* _Work required_
Go through the data line by line from the top, retyping each exactly, and end with the line that contains "The METOD kitchen".

* _Entries taken from a collection_

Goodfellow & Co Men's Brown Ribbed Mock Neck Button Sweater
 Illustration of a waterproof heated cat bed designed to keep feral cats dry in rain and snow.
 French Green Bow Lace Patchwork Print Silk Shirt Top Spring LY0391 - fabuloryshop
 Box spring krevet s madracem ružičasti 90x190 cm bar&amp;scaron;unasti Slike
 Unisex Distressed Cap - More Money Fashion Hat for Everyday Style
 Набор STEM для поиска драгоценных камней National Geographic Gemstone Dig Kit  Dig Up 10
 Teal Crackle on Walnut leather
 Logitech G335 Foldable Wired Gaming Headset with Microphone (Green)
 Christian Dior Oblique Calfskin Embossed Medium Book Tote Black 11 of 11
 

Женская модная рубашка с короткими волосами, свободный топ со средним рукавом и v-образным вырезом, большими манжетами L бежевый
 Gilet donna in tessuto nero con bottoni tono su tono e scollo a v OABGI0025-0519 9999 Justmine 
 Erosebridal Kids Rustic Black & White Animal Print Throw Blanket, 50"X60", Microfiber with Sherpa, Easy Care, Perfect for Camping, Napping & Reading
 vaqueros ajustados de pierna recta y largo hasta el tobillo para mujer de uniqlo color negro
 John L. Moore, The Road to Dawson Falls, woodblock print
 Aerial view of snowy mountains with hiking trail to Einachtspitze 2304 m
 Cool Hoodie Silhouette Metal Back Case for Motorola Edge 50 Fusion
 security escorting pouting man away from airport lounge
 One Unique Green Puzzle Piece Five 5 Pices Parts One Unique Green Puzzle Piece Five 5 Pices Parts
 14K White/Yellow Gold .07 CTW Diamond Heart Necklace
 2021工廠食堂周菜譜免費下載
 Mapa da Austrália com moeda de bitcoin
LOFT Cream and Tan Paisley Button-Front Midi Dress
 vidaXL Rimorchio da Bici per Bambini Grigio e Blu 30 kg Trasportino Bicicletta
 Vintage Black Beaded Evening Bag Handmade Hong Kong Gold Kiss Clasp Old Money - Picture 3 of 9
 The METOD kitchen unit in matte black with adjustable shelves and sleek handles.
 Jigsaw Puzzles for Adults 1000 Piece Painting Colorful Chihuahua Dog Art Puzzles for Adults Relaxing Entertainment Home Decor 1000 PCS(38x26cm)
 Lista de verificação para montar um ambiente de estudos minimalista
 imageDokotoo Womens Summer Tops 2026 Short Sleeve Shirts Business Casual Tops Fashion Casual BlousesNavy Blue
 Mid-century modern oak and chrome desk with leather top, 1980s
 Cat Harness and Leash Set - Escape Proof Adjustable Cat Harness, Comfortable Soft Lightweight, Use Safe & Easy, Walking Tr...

* _Task solution_
Goodfellow & Co Men's Brown Ribbed Mock Neck Button Sweater
 Illustration of a waterproof heated cat bed designed to keep feral cats dry in rain and snow.
 French Green Bow Lace Patchwork Print Silk Shirt Top Spring LY0391 - fabuloryshop
 Box spring krevet s madracem ružičasti 90x190 cm bar&amp;scaron;unasti Slike
 Unisex Distressed Cap - More Money Fashion Hat for Everyday Style
 Набор STEM для поиска драгоценных камней National Geographic Gemstone Dig Kit  Dig Up 10
 Teal Crackle on Walnut leather
 Logitech G335 Foldable Wired Gaming Headset with Microphone (Green)
 Christian Dior Oblique Calfskin Embossed Medium Book Tote Black 11 of 11
 

Женская модная рубашка с короткими волосами, свободный топ со средним рукавом и v-образным вырезом, большими манжетами L бежевый
 Gilet donna in tessuto nero con bottoni tono su tono e scollo a v OABGI0025-0519 9999 Justmine 
 Erosebridal Kids Rustic Black & White Animal Print Throw Blanket, 50"X60", Microfiber with Sherpa, Easy Care, Perfect for Camping, Napping & Reading
 vaqueros ajustados de pierna recta y largo hasta el tobillo para mujer de uniqlo color negro
 John L. Moore, The Road to Dawson Falls, woodblock print
 Aerial view of snowy mountains with hiking trail to Einachtspitze 2304 m
 Cool Hoodie Silhouette Metal Back Case for Motorola Edge 50 Fusion
 security escorting pouting man away from airport lounge
 One Unique Green Puzzle Piece Five 5 Pices Parts One Unique Green Puzzle Piece Five 5 Pices Parts
 14K White/Yellow Gold .07 CTW Diamond Heart Necklace
 2021工廠食堂周菜譜免費下載
 Mapa da Austrália com moeda de bitcoin
LOFT Cream and Tan Paisley Button-Front Midi Dress
 vidaXL Rimorchio da Bici per Bambini Grigio e Blu 30 kg Trasportino Bicicletta
 Vintage Black Beaded Evening Bag Handmade Hong Kong Gold Kiss Clasp Old Money - Picture 3 of 9
 The METOD kitchen unit in matte black with adjustable shelves and sleek handles.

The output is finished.